Exercise aim -> Somewhere below is a line with "TVS Rider 125" and, later, a line with "Manchester United (Players)"; repeat those two lines and all the lines between them, exactly as they are.

Available data ->
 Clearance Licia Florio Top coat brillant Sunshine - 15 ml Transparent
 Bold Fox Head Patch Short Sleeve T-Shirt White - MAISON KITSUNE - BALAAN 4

--

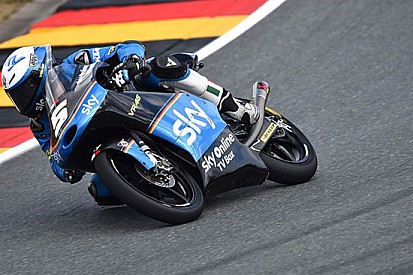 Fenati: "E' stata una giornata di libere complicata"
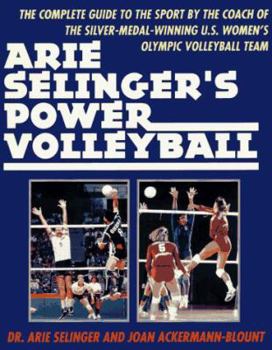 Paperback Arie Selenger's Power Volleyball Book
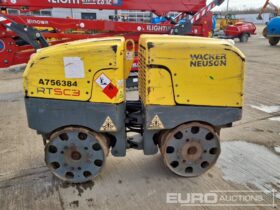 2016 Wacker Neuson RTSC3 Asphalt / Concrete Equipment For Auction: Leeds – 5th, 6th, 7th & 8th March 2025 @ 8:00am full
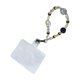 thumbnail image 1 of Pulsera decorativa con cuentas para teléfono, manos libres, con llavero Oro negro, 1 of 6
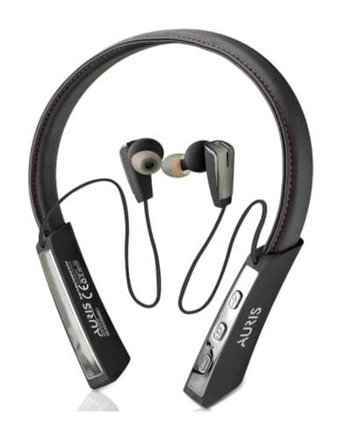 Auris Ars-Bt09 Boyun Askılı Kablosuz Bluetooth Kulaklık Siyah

...

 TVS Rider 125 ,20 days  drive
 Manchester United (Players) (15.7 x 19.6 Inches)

Problem solution ->
 TVS Rider 125 ,20 days  drive
 Manchester United (Players) (15.7 x 19.6 Inches)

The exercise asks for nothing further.